### Spark Moive Recommendation
In this notebook, Alternating Least Squares (ALS) algorithm will be used with Spark APIs to predict the ratings for the movies in [MovieLens small dataset](https://grouplens.org/datasets/movielens/latest/)

In [None]:
import numpy as np
import pandas as pd
import seaborn as sns
import matplotlib.pyplot as plt
import math
%matplotlib inline

!pip install pyspark
!pip install mlflow
#dbutils.library.installPyPI("mlflow")
#dbutils.library.restartPython()
import mlflow

In [None]:
import os
os.environ["PYSPARK_PYTHON"] = "python3"

## Part1: Data ETL and Data Exploration

In [None]:
from pyspark.sql import SparkSession
spark = SparkSession \
    .builder \
    .appName("moive analysis") \
    .config("spark.some.config.option", "some-value") \
    .getOrCreate()

In [None]:
from google.colab import drive
drive.mount('/content/drive');
DATA_PATH = "drive/My Drive/Big Data Project/Data/MovieLens27M/"

In [None]:
movies_df = spark.read.load(DATA_PATH + "movies.csv", format='csv', header = True)
ratings_df = spark.read.load(DATA_PATH + "ratings.csv", format='csv', header = True)
links_df = spark.read.load(DATA_PATH + "links.csv", format='csv', header = True)
tags_df = spark.read.load(DATA_PATH + "tags.csv", format='csv', header = True)

In [None]:
type(movies_df)

In [None]:
movies_df.count()

In [None]:
#movies_df.show(5)

movies_df.createOrReplaceTempView("movies_df")
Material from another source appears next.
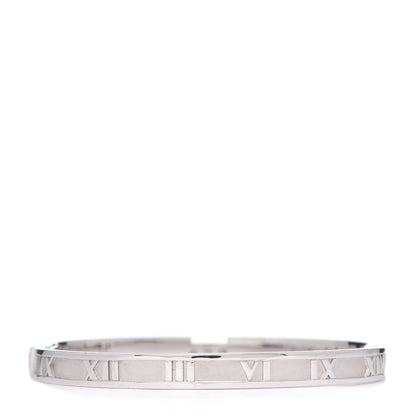 Tiffany 18K White Gold Diamond Atlas Closed Hinged Bangle Bracelet 3 of 6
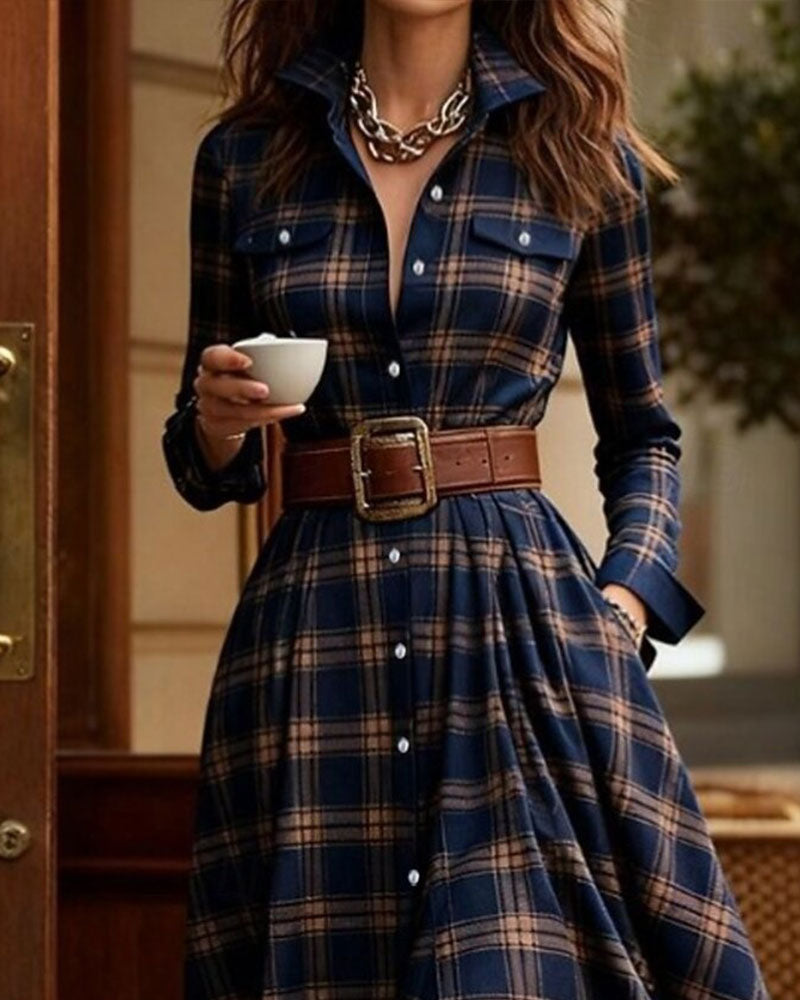 Robe À Carreaux Longue Chemise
display (spark.sql("SELECT * FROM movies_df limit 5"))

In [None]:
#ratings_df.show(5)

ratings_df.createOrReplaceTempView("ratings_df")
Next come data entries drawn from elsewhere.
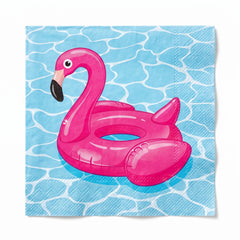 Summer Cool Pool Flamingo Beverage Napkins, 40-ct - 5 In. X 5 In.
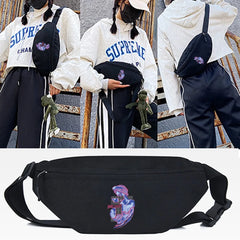 Purple David Print Waist Bag Women Shoulder Bag CrossBody Bags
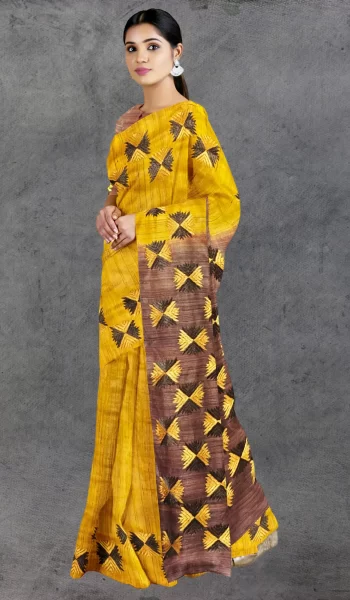 Mustard Brown Phulkari Tussar Silk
display (spark.sql("SELECT * FROM ratings_df limit 5"))

In [None]:
links_df.show(5)

links_df.createOrReplaceTempView("links_df")
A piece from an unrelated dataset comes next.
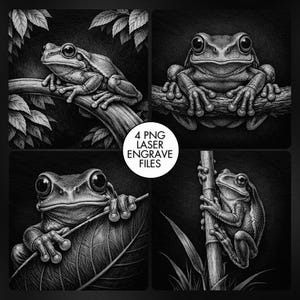 May include: Four black and white illustrations of frogs in various poses. One frog sits on a branch, another faces the viewer, a third holds a leaf, and the last clings to a bamboo stalk. The text "4 PNG Laser Engrave Files" is in a white circle.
display (spark.sql("SELECT * FROM links_df limit 5"))

In [None]:
#tags_df.show(5)

tags_df.createOrReplaceTempView("tags_df")

display (spark.sql("SELECT * FROM tags_df limit 5"))

In [None]:
tmp1 = ratings_df.groupBy("userID").count().toPandas()['count'].min()
tmp2 = ratings_df.groupBy("movieId").count().toPandas()['count'].min()
print('For the users that rated movies and the movies that were rated:')
print('Minimum number of ratings per user is {}'.format(tmp1))
print('Minimum number of ratings per movie is {}'.format(tmp2))

In [None]:
tmp1 = sum(ratings_df.groupBy("movieId").count().toPandas()['count'] == 1)
tmp2 = ratings_df.select('movieId').distinct().count()
print('{} out of {} movies are rated by only one user'.format(tmp1, tmp2))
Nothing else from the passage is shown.